▸ Records for this task:
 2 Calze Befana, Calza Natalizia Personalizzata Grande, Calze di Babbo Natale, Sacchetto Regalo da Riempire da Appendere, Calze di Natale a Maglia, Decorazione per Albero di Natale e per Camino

==

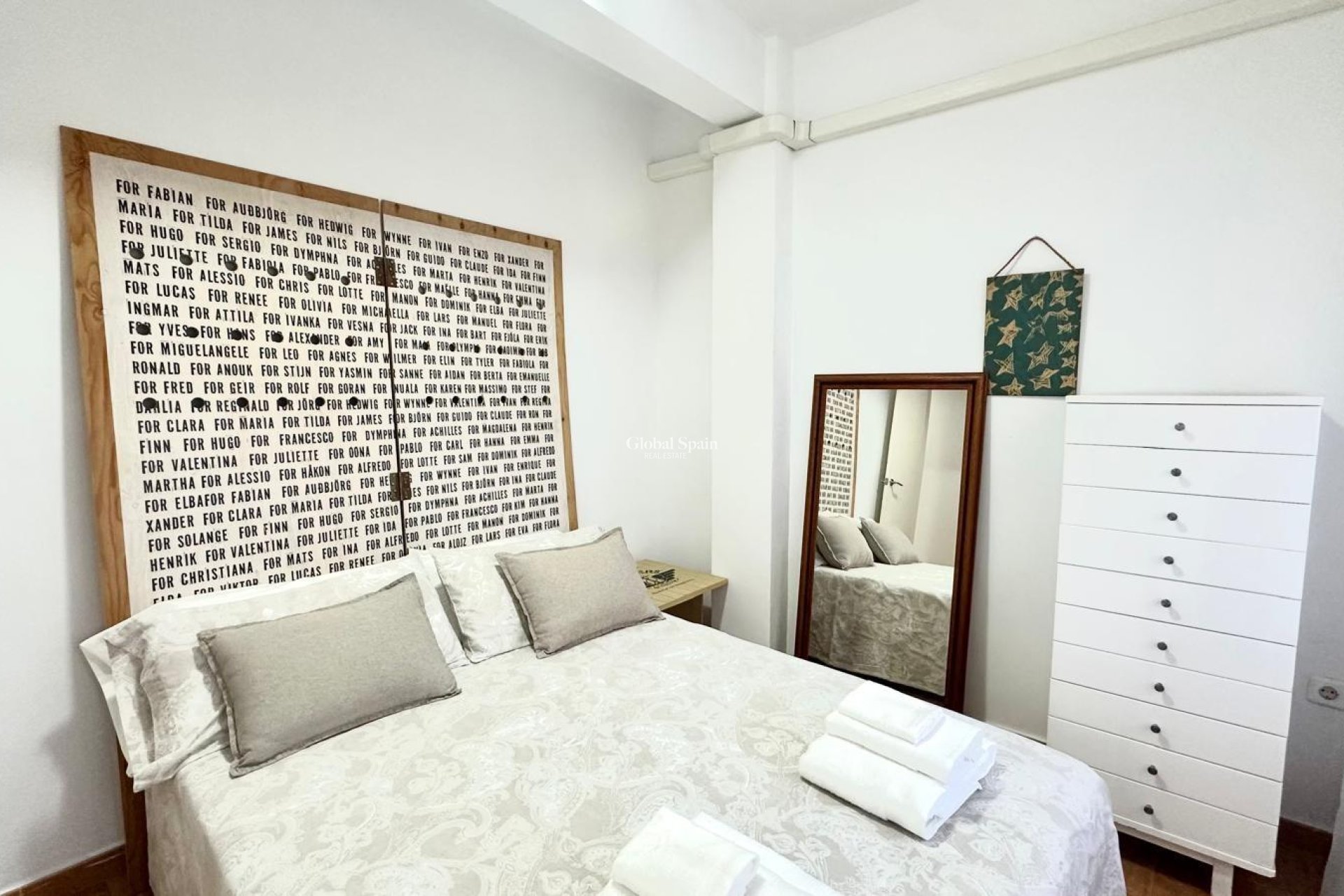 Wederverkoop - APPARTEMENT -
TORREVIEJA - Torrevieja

--

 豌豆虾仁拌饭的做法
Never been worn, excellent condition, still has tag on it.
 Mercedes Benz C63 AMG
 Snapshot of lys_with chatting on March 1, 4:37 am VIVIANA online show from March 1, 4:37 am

▸ To do: Could you restate word for word the lines above, from the one that contains "Mercedes Benz C63 AMG" through the one that contains "Snapshot of lys_with", and no others?

▸ Answer to this problem:
 Mercedes Benz C63 AMG
 Snapshot of lys_with chatting on March 1, 4:37 am VIVIANA online show from March 1, 4:37 am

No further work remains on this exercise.